Di nuovo come molti anni fa quel 25 aprile 1945 la liberazione ci lascia al bivio delle scelte da compiere.

Possiamo essere dirompenti e dunque fermarci alla presentazione del conto da soddisfare subito. Chi oggi scandisce lo slogan “io apro” non ha il futuro in testa. È mosso dall’ansia di recuperare il tempo perso.  Pensa che futuro sia vivere oggi.

Chi con molti dubbi, non si tira indietro e prova a ripartire, non può non pensare a che cosa significhi costruire insieme, pensare futuro non solo per sé, ma per chi verrà dopo. Il suo tempo non è ora è il futuro possibile, sostenibile, condiviso.

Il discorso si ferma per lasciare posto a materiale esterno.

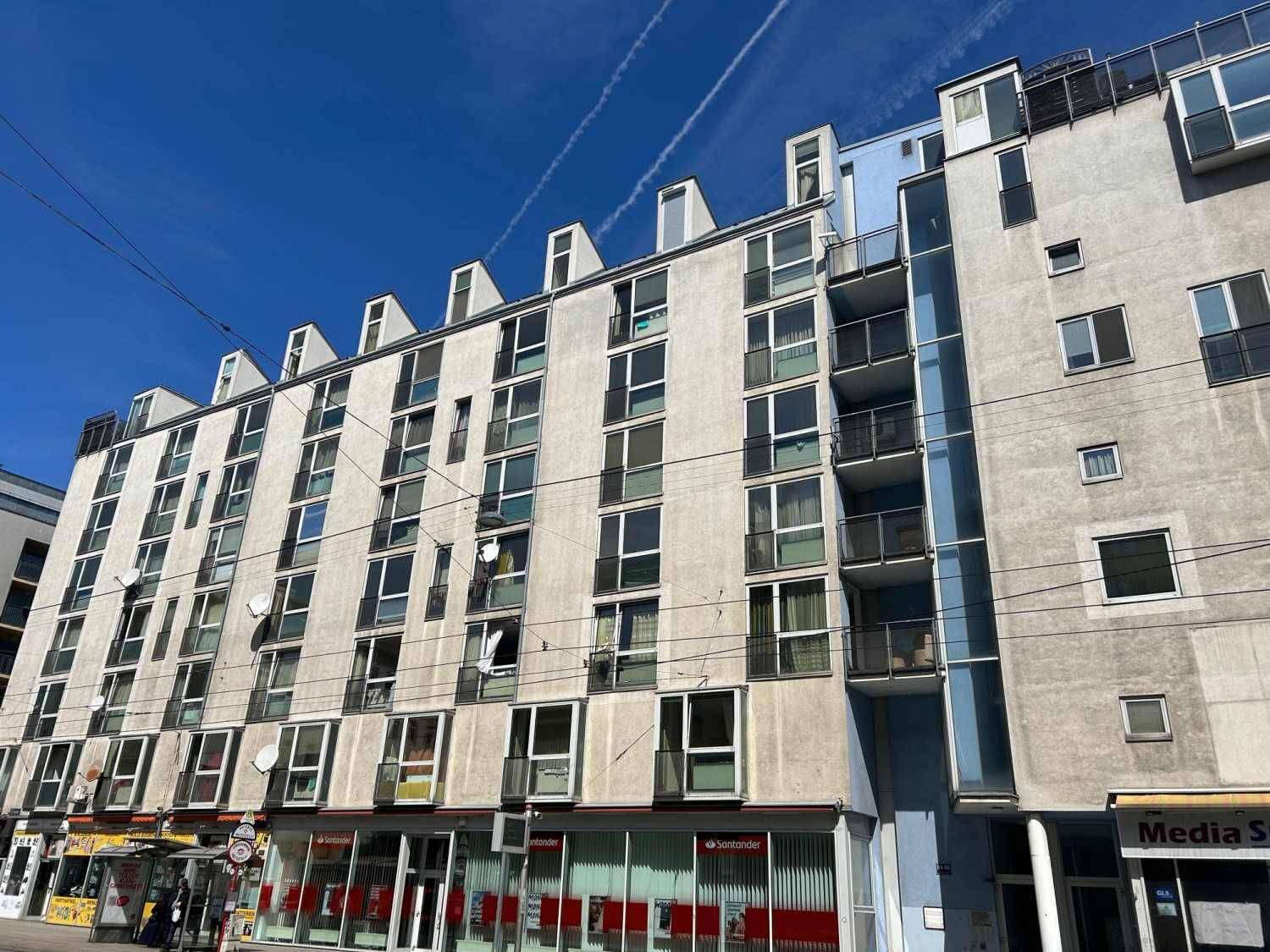 Moderne Wohnanlage mit mehreren Etagen, Balkonen und Geschäftsflächen im Erdgeschoss an einer Straße.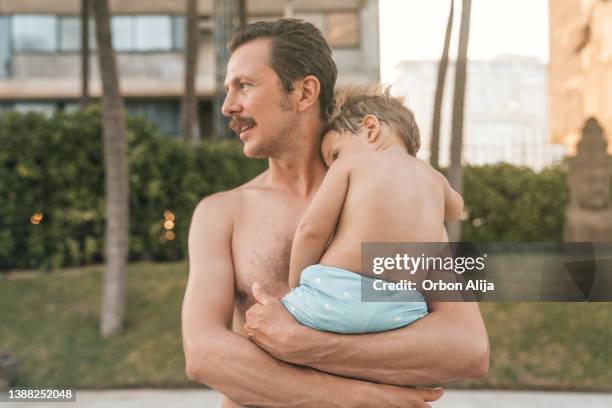 father and son at the pool - mexican mustache stock pictures, royalty-free photos & images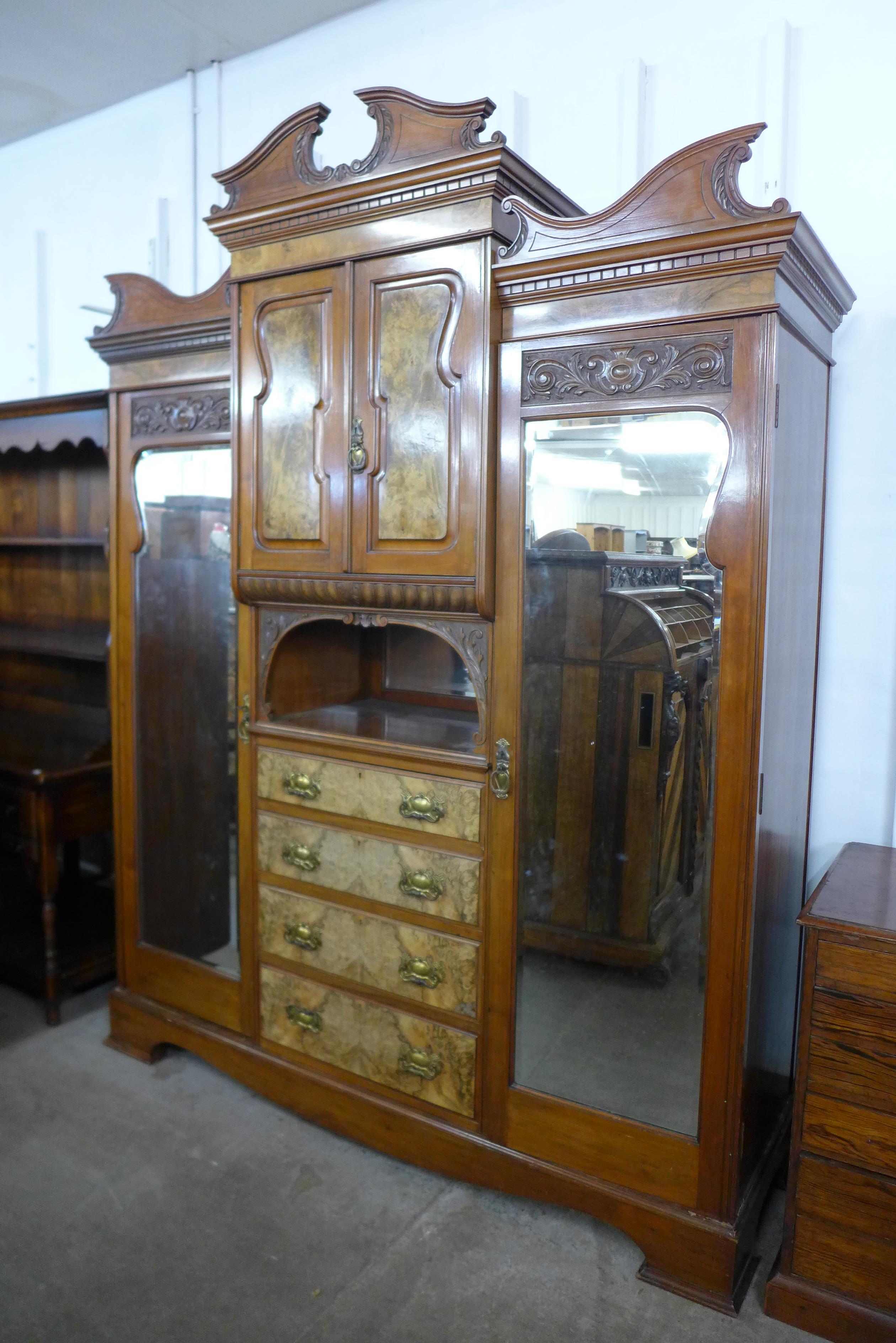 A Victorian carved walnut combination wardrobe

A ben vedere questa divisione non è cominciata ora, ma molti anni fa.

Tutte le volte che in questi ultimi venti anni, almeno, ci si è posti la domanda intorno al futuro che vogliamo siamo stati riportati a questo bivio.

Il 25 aprile possiamo avere uno sguardo rivolto al passato, ricordandoci da che cosa ci siamo liberati. Ma poi verso sera, inizia un diverso sguardo.

In quel momento il tema non è più cosa abbiamo alle spalle, ma che cosa abbiamo di fronte e che cosa vogliamo.

Lentamente la forza prorompente della condizione di liberazione, chiede che trovino spazio domande intorno alle forme, alle parole, ai percorsi per dare un volto alla libertà. Se la scena rimane a guardare l’istante della liberazione, il rischio è il fascino di fermare il tempo: per qualcuno quello di poter tornare indietro e annullare di poter altro quello d’indugiare affascinati per ciò che poteva essere e che invece non è stato. Per tutti un disincanto, e un rifiuto di quel momento di rottura. In ogni caso un culto dell’eccezione, senza fare i conti con ciò che siamo, con le difficoltà e i vincoli che abbiamo, coltivando un’immagine prometeica della storia che si nutre di eroi, o di «invincibili», ma non assume gli umani, le donne e gli uomini per ciò che sono, per le difficoltà che vivono, per le incertezze che li attraversano. In una parola per la vita.

Ripreno da Fondazione Giangiacomo Feltrinelli:  buon 25 aprile, con un pensiero rivolto alle sfide che si aprono il 26 aprile: quelle di allora (1945), ma anche, e forse soprattutto, quelle di ora (2021).